§ INPUT RECORDS
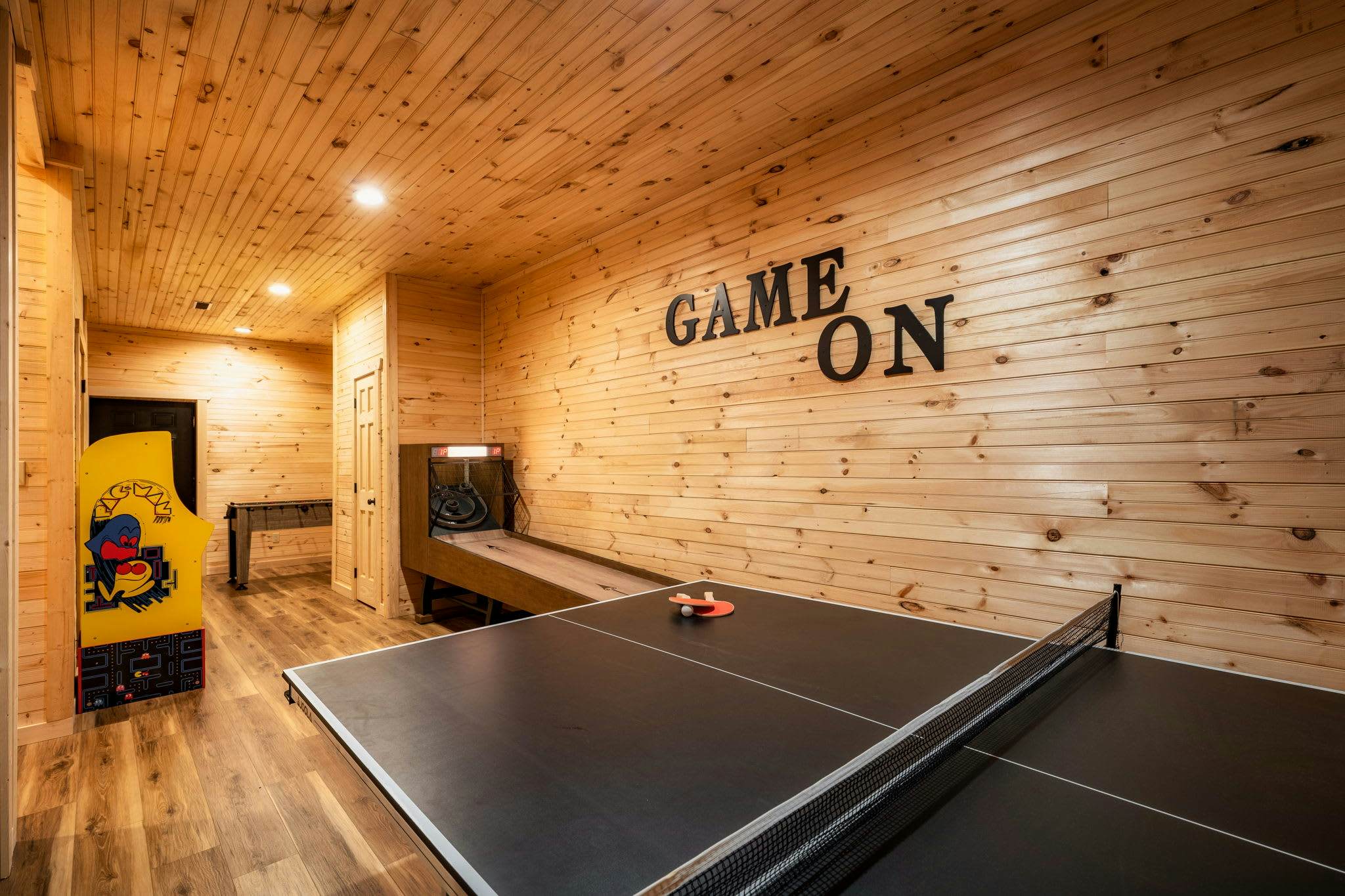 Luxury Cabin w/ Mountain view・Hot Tub, Fire pit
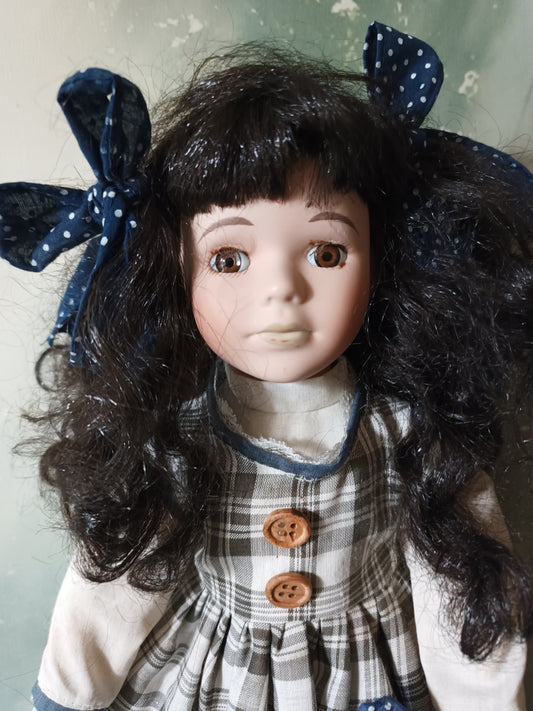 Haunted Doll mit Hexe - Angela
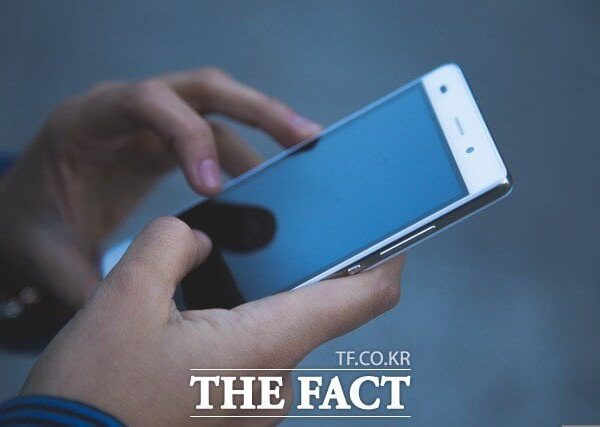 230717 The Fact: ‘Pretending to be a BTS member’… Man in his 20s who leaked unreleased songs put on ‘probation’
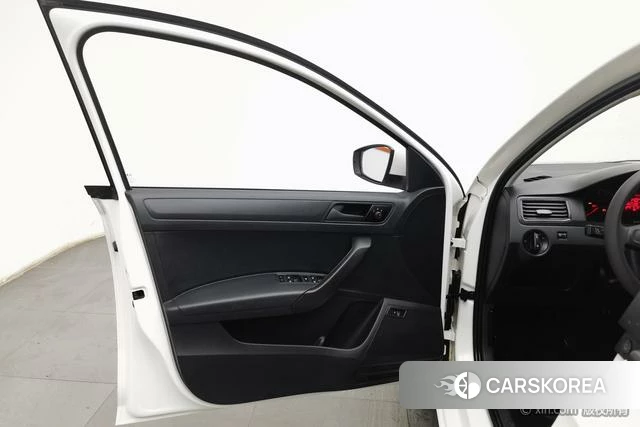 Volkswagen Santana id 4210696 из Китая 13
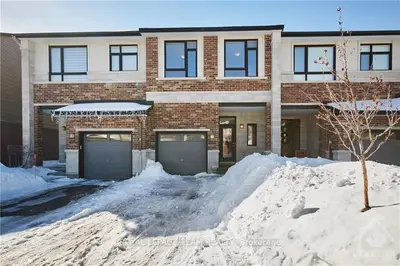 613 Guernsey Place, Blossom Park - Airport And Area, On K4m 0e2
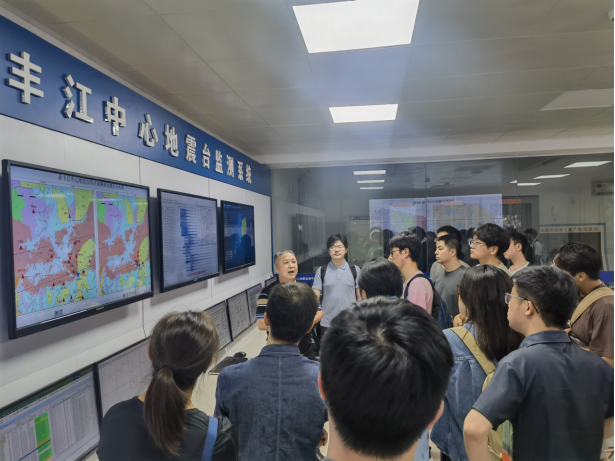 Deputy Director Wu Xiangchun introduced the modern seismic monitoring system.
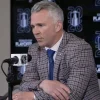 Martin St-Louis effectue un point de presse improvis� la derni�re seconde pour discuter de Kirby Dach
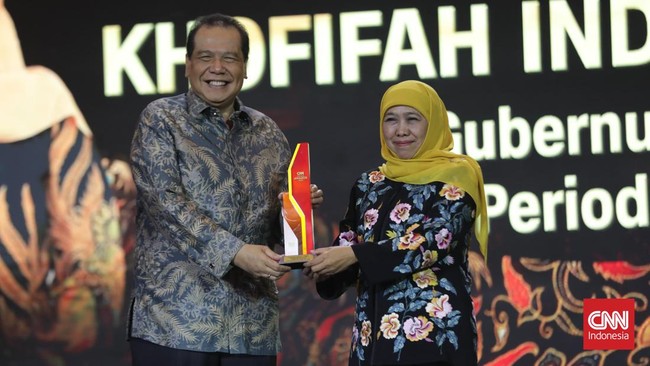 Khofifah Indar meraih penghargaan Outstanding Leadership in Regional Transformative Development dan Outstanding Initiative in Reducing Extreme Poverty.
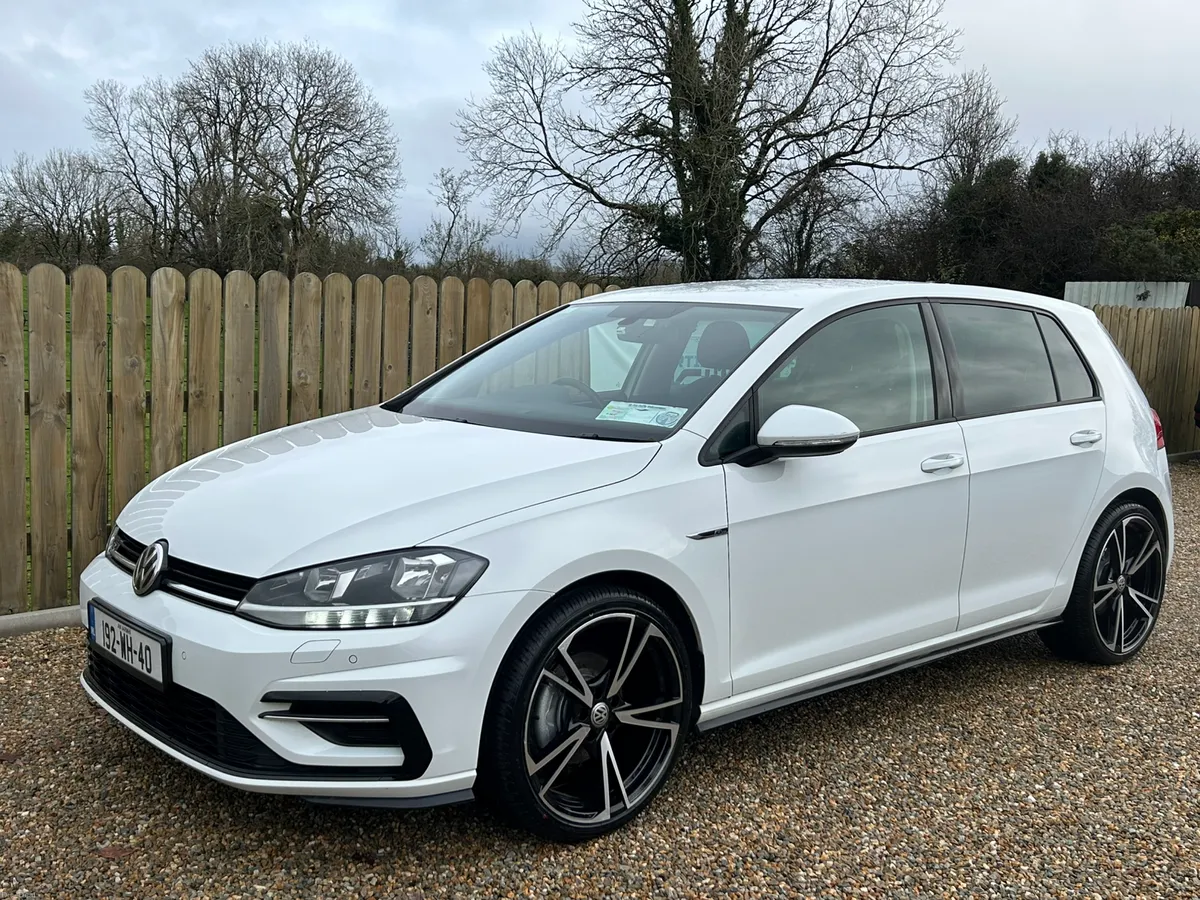 2019 Volkswagen Golf R Line - Image 3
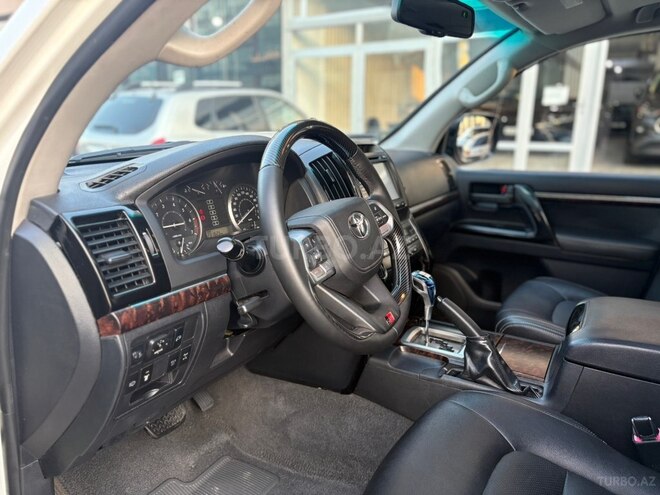 Toyota Land Cruiser-7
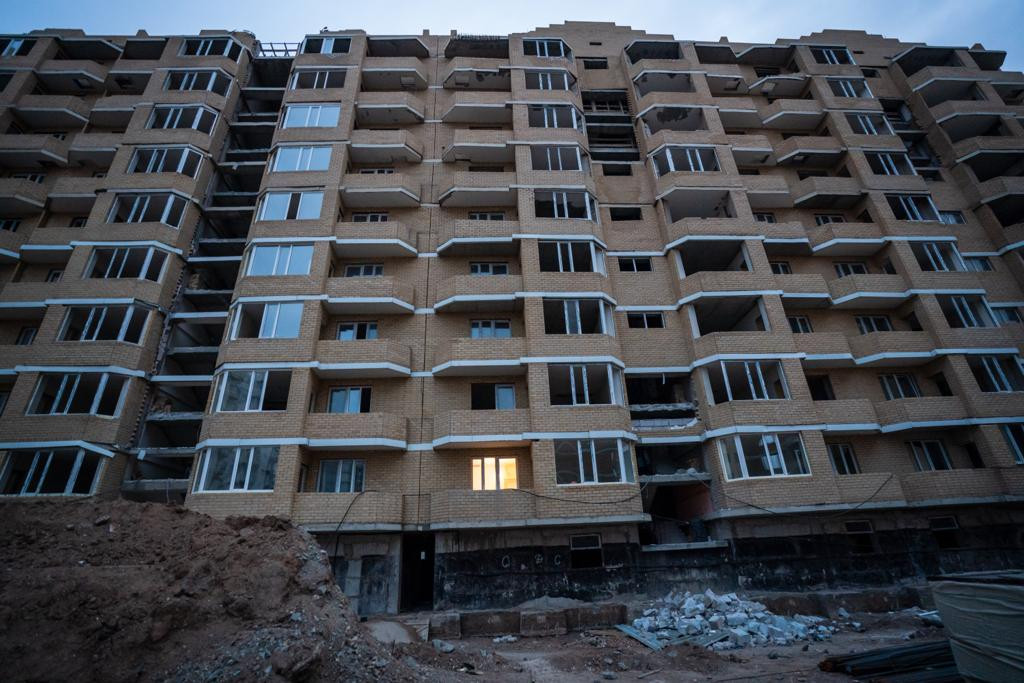 ەلورداداعى ۇزاققا سوزىلعان قۇرىلىس كەشەنى قالاي اياقتالادى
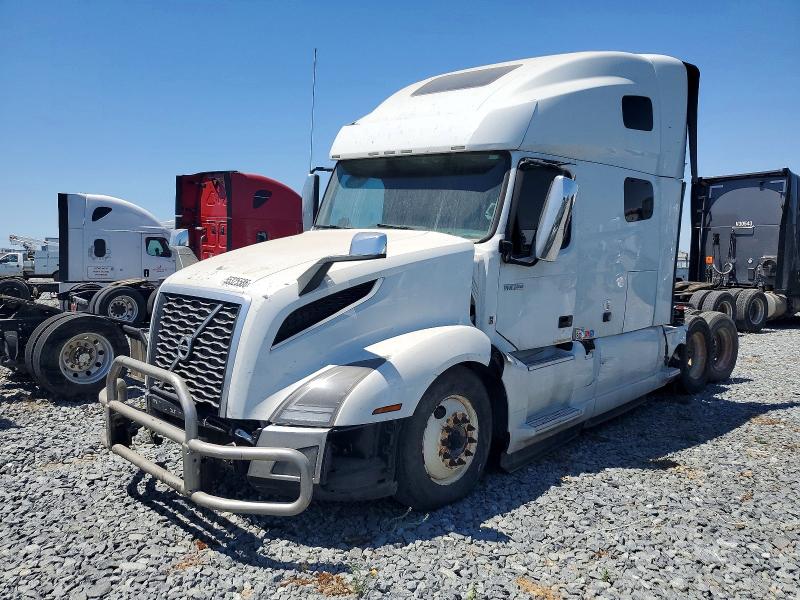 2022 Volvo Vn მანქანა იყიდება აუქციონზე, vin: 4V4NC9EJ1NN305993, აუქციონის ნომერი: 55325586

§ WHAT TO DO
Write out each line exactly, from the one containing "ەلورداداعى ۇزاققا سوزىلعان" through the end of the entries, and skip the pictures.

§ TASK SOLUTION
 ەلورداداعى ۇزاققا سوزىلعان قۇرىلىس كەشەنى قالاي اياقتالادى
 2022 Volvo Vn მანქანა იყიდება აუქციონზე, vin: 4V4NC9EJ1NN305993, აუქციონის ნომერი: 55325586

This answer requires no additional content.